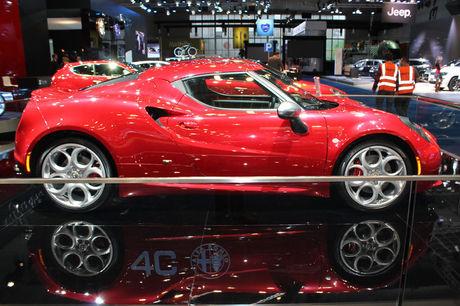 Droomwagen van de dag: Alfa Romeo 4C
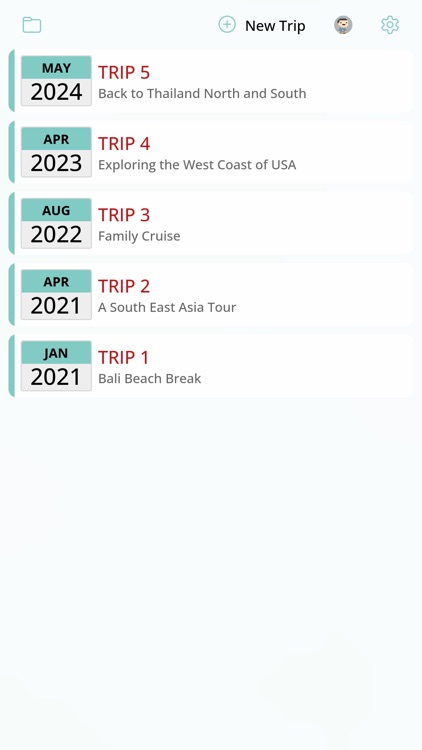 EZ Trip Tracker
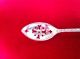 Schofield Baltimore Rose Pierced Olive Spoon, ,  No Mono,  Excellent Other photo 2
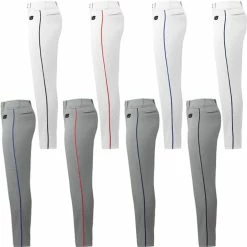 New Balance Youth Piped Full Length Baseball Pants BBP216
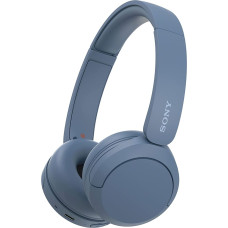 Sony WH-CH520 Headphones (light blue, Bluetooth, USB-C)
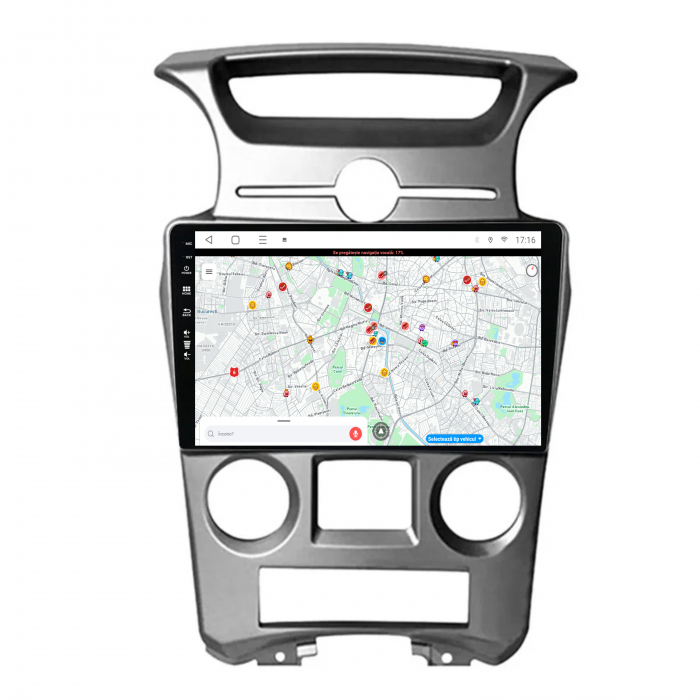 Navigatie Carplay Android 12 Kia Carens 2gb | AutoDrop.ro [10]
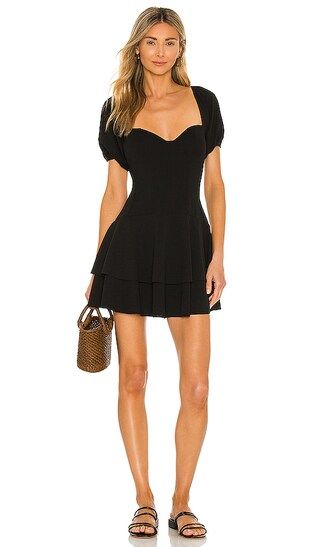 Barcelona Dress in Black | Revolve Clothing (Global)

──────

[Exercise prompt] All lines from the line with "Navigatie Carplay Android" through the final line of the data, both included, are to be repeated exactly; no other lines and no pictures.

[Response area]
 Navigatie Carplay Android 12 Kia Carens 2gb | AutoDrop.ro [10]
 Barcelona Dress in Black | Revolve Clothing (Global)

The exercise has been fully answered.